Xplore Technologies Corp. (OTCMarkets.com - XLRT), a manufacturer of award-winning rugged tablet PCs, today reported revenue of $17,759,000 for the fiscal year ended March 31, 2011, as compared to $21,940,000 for the fiscal year ended March 31, 2010, a decrease of approximately 19 percent.
Mark Holleran, President and Chief Operating Officer of Xplore said, “The decrease in revenue is attributable to a decrease in unit sales of approximately 15 percent and an additional decrease of approximately 6 percent in our average selling prices, due to product mix changes.” Mr. Holleran added that the delay in the launch of the company’s iX104C5 product family to fiscal 2012 resulted in “many of our customers delaying their orders until our new product line was available.”
Holleran noted that the initial response to the launch of the iX104C5 has been good, although he cautioned that the selling effort commenced late in the first quarter of fiscal 2012 and the selling cycle is such that expected revenue from the product launch should only begin to be fully reflected in the second half of fiscal 2012 (which would be the quarters ending in December 2011 and March 2012). “We are seeing a definite increase in interest for the new line among our existing customers and new customers,” Holleran affirmed.
Total gross profit decreased by $342,000 to $5,421,000, or 30.5 percent of revenue, compared to gross profit the previous year of $5,763,000, or 26.3 percent of revenue. The decrease in gross profit was attributable to the decrease in revenue and unit sales while the increase in gross profit percentage for the year, as compared to the prior year, was due to a more favorable product mix.
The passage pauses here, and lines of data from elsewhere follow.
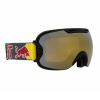 RED BULL SPECT-SLOPE-001, matt black frame/grey headband, lens gold snow Čierna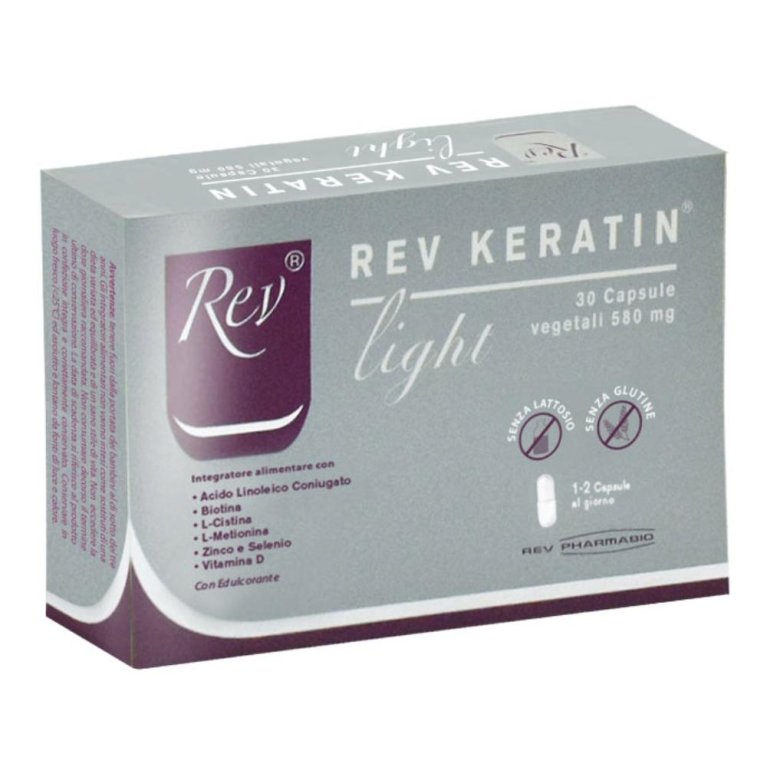REV KERATIN LIGHT 30CPS REV KERATIN LIGHT 30CPS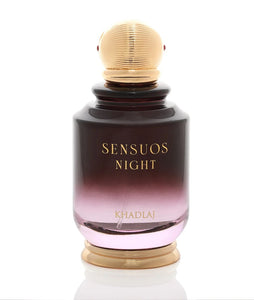 Sensuous Night Eau De Parfum By Khadlaj 100ml 3.4 fl oz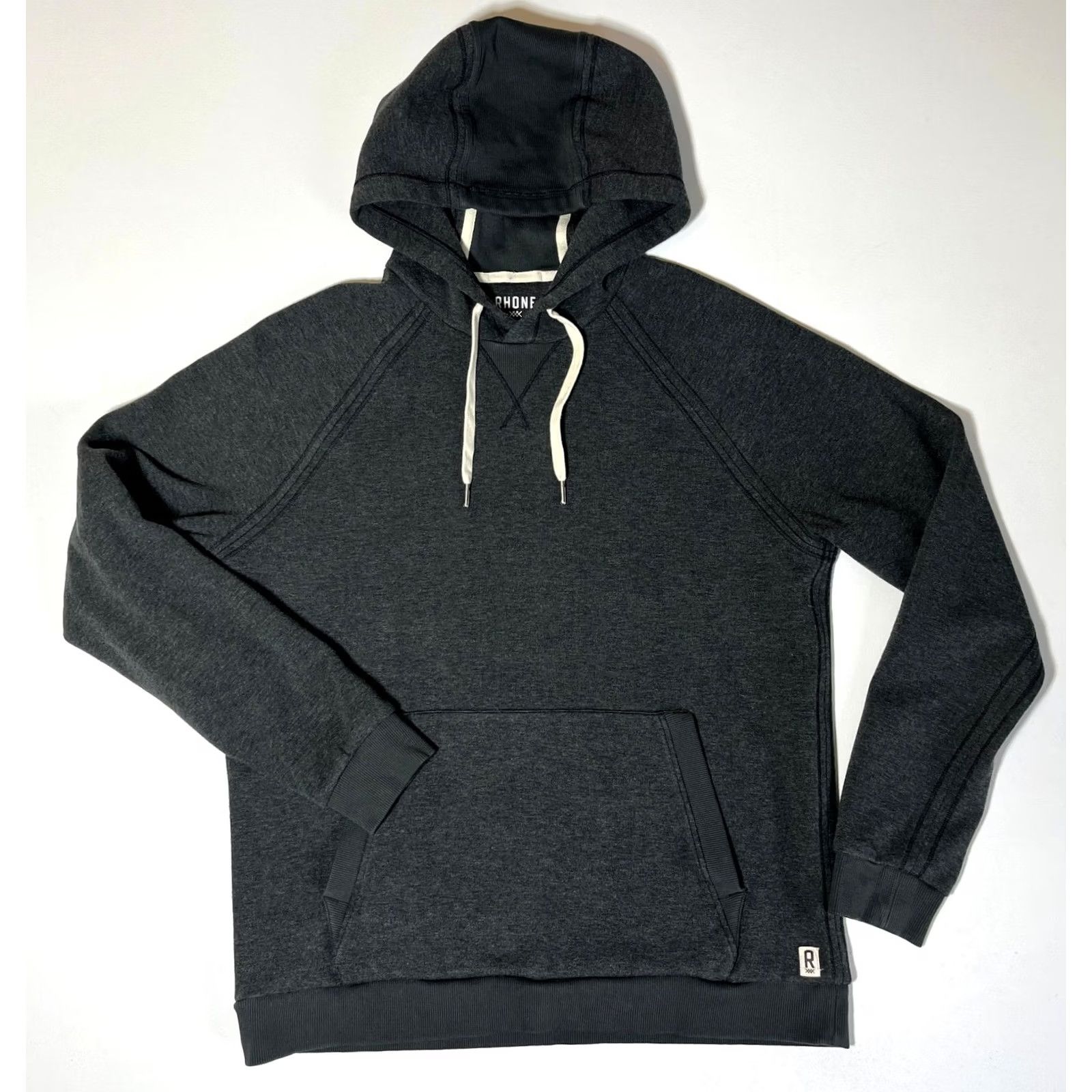 Rhone Rhone Heritage Midweight Hoodie Men’s Heather Gray Sz M Hoodie Size US M / EU 48-50 / 2 - 3 Thumbnail
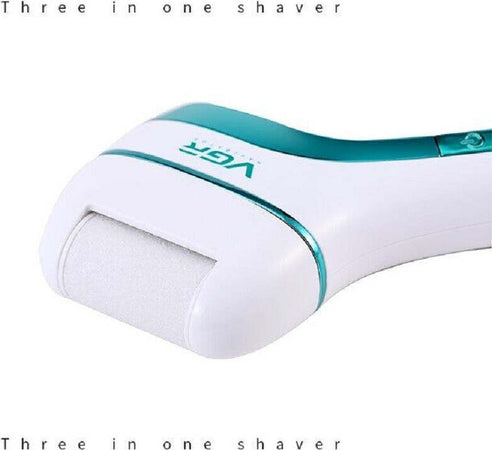 Epilatore Professionale 3in1 Depilazione Rasoio Elettrico Ricaricabile Vgr V-713 Salute e Bellezza > Depilazione e rasatura > Epilatori Trade Shop italia - Napoli, Commerciovirtuoso.it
Operating expenses for the years ended March 31, 2011 and 2010 were $8,032,000 compared to $8,575,000, a decrease of approximately six percent. Research, development and engineering costs were reduced by approximately 24 percent as activities focused exclusively on the development of the new iX104C5 line of tablet computers. In addition, sales, marketing and support expenses increased 14 percent as the company prepared for the launch of the new product line in the first quarter of fiscal 2012. General administration expenses of $2,974,000 for fiscal 2011 were also reduced in fiscal 2011 by approximately eight percent from the $3,248,000 recorded in fiscal 2010.